A recipe for efficient coordination between user-mode applications and accelerators for optimizing data processing.
Introduction
The emerging era of data-centric computing is forcing increased focus on accelerating workloads and reducing COGS (cost of goods sold) in data centers. Hardware methods for such acceleration include specialized instruction set architecture (ISA) extensions in CPU cores, programmable heterogeneous elements (such as GPUs and FPGAs), and offload acceleration engines for data movement and transformation functions. While ISA-based acceleration is well defined within the instruction set architecture of the host CPU, offload-based acceleration organically evolved from traditional I/O controller and device driver models without consistent constructs and capabilities. This paper provides an overview of various accelerator-interfacing technologies that were introduced on upcoming Intel® Xeon® processors. These technologies target reduced offload overheads, minimized end-to-end latencies, a simplified memory model, and scalable virtualization capabilities suitable for workload deployment through virtual machines and/or containers.
Current Landscape
Offload acceleration hardware and software that evolved from traditional I/O controller designs suffer from many challenges. These include work submission overheads, memory management complexity, work completion synchronization overheads, and sharing accelerators among applications or tenants.
Work Submission Overheads
Traditionally, when an application submits work to an accelerator, the request is routed to a kernel-mode device driver that abstracts the interface between the software and hardware of the underlying accelerator device. The latencies and overheads associated with kernel I/O stacks can cause bottlenecks for high-performance, streaming accelerators.

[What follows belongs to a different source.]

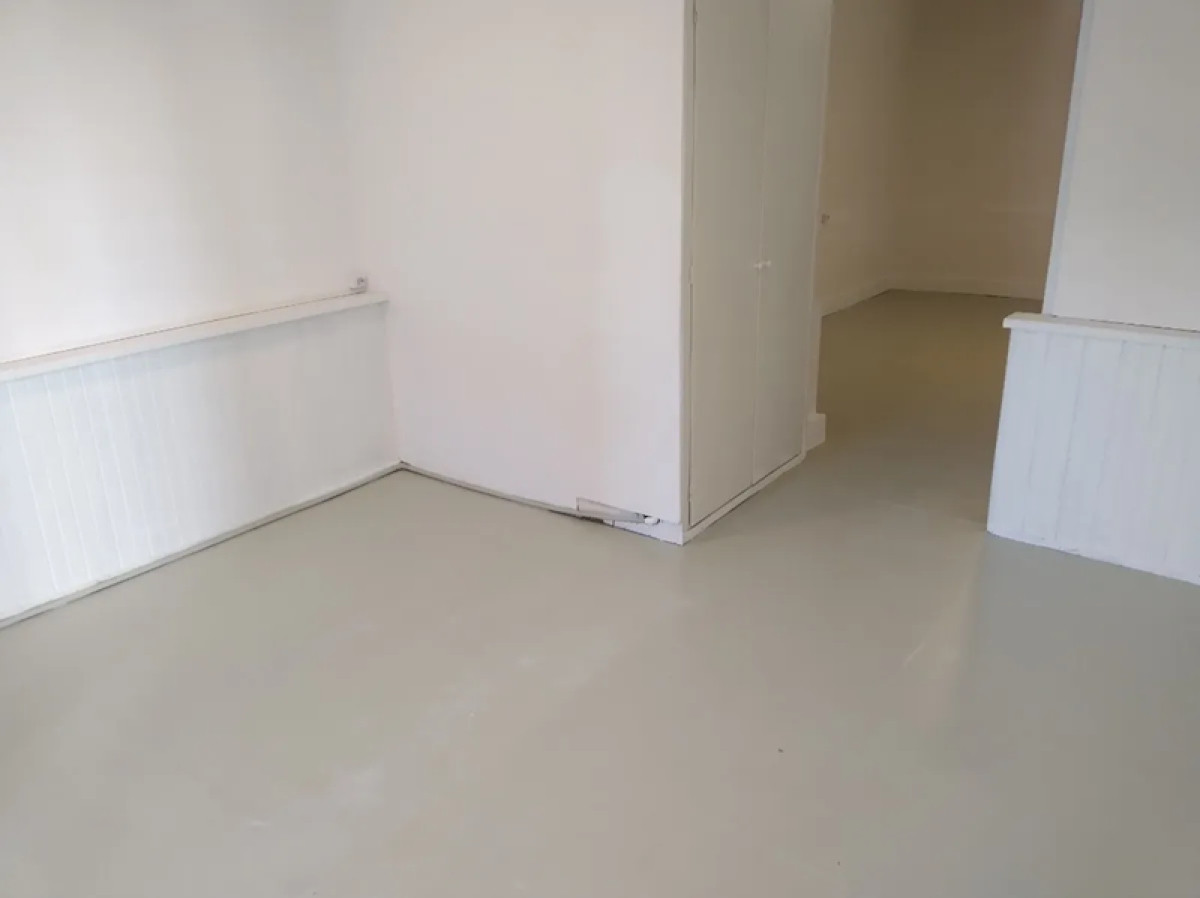 Local Comercial ID.4763 - Alquiler Local Comercial Impecable Cordón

Memory Management Complexity Overheads
Traditional accelerator designs require pinned memory to share data between an application and a hardware accelerator. Also, an accelerator’s view of memory (accessed via direct memory access) is significantly different from an application’s view, often requiring the underlying software stack to bridge the two views through costly memory pinning and unpinning and DMA map and unmap operations.
Work Completion Synchronization Overheads
Existing software stacks for accelerators rely on either interrupt-driven processing, busy-polling of completion status registers, or descriptors in memory. Interrupt processing architecture in operating system kernels imposes overhead with context switching and deferred processing that can reduce system performance. On the other hand, busy polling consumes more power, reduces the number of CPU cycles available to other applications, and can negatively impact scaling.
Accelerator Shareability
Efficient and secure sharing of an accelerator across multiple concurrent applications, containers, and virtual machines is a foundational requirement for deploying data centers. Hardware-assisted I/O virtualization, such as SR-IOV, accelerates I/O virtualization by eliminating the hypervisor from the process of accessing an accelerator on the behest of guest software.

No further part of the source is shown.